INTERAKSI.CO, Malang – Ketua DPRD Kota Malang, Amithya Ratnanggani Sirraduhita, menyatakan sepakat dengan aspirasi mahasiswa yang meminta penghentian program Makan Bergizi Gratis (MBG) di Kota Malang.

Pernyataan tersebut disampaikan Amithya sebagai respons atas aspirasi yang disampaikan kalangan mahasiswa kepada DPRD Kota Malang. Sikap itu kemudian menjadi perhatian publik karena MBG merupakan salah satu program pemerintah yang mendapat perhatian luas secara nasional.

“Kami sepakat untuk menghentikan program MBG di Kota Malang,” ujar Amithya Ratnanggani Sirraduhita.

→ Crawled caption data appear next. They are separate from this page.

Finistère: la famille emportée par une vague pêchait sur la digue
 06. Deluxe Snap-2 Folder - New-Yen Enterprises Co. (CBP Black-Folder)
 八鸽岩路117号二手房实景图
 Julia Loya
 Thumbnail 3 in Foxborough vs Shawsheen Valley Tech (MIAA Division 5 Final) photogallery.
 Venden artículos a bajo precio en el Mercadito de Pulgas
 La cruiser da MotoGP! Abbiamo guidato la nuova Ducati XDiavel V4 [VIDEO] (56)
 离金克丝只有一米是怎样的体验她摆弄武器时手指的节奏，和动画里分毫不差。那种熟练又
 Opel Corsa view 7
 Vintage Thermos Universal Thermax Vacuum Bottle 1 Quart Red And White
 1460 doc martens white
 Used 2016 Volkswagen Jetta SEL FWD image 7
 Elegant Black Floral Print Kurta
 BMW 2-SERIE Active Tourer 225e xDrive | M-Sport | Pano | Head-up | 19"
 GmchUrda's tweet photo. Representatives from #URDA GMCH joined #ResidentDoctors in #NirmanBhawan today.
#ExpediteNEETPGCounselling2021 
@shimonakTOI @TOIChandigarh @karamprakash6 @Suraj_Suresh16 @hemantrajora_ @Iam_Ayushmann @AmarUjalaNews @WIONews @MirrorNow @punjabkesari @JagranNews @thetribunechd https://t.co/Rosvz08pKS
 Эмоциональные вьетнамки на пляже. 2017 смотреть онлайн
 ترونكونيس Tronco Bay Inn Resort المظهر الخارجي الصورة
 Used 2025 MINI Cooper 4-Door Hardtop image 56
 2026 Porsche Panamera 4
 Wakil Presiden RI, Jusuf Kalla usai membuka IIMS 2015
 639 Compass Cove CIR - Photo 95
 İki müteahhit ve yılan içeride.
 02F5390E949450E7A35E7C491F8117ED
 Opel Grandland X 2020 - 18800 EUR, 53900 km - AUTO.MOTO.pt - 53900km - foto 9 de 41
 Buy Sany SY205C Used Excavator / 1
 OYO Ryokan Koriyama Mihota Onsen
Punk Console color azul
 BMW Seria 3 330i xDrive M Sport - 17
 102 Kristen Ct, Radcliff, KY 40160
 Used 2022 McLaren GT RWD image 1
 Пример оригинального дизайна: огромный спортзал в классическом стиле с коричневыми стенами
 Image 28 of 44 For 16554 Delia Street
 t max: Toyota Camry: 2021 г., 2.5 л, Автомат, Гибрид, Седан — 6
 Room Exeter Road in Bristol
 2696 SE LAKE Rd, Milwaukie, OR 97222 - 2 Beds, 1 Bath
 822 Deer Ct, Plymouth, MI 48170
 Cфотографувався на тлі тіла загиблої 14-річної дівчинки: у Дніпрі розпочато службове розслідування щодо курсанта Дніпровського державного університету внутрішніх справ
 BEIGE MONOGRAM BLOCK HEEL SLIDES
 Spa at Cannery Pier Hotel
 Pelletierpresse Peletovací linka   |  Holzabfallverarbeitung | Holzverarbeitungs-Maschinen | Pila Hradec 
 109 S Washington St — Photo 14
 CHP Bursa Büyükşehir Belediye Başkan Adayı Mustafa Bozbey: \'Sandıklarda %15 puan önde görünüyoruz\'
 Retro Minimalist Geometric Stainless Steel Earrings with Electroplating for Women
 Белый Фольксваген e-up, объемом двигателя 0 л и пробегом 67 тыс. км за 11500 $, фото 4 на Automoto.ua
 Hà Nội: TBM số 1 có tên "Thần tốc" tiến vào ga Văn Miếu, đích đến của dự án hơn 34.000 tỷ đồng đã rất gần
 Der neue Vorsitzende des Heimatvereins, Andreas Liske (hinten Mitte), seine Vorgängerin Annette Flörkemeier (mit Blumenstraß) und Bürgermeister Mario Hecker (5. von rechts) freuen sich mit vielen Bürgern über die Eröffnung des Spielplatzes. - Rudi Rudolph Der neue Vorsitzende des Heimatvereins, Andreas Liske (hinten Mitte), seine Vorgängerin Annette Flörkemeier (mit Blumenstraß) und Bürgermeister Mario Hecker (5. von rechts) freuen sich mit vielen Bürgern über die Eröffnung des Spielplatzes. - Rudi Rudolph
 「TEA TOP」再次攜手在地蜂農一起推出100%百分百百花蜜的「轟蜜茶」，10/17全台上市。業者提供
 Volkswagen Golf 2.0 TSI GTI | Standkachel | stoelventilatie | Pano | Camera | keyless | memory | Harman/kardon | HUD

Baca juga: Prabowo Pangkas 700 BUMN hingga 2026: Hemat Anggaran Negara Rp300 Triliun demi Kesejahteraan Rakyat!

Dengan sikap tersebut, Kota Malang disebut menjadi kota pertama di Indonesia yang mengambil langkah untuk menghentikan pelaksanaan program MBG. Namun, pernyataan mengenai status sebagai kota pertama tersebut masih menjadi bagian dari informasi yang berkembang dan perlu dikonfirmasi lebih lanjut.

Keputusan itu juga memunculkan berbagai tanggapan di ruang publik, terutama terkait penggunaan anggaran program MBG yang nilainya mencapai ratusan triliun rupiah secara nasional.

Salah satu wacana yang mengemuka adalah pengalihan anggaran tersebut untuk mendukung kebutuhan pembangunan infrastruktur. Di antaranya, perbaikan jalan di wilayah perkampungan yang masih mengalami kerusakan dan berlubang.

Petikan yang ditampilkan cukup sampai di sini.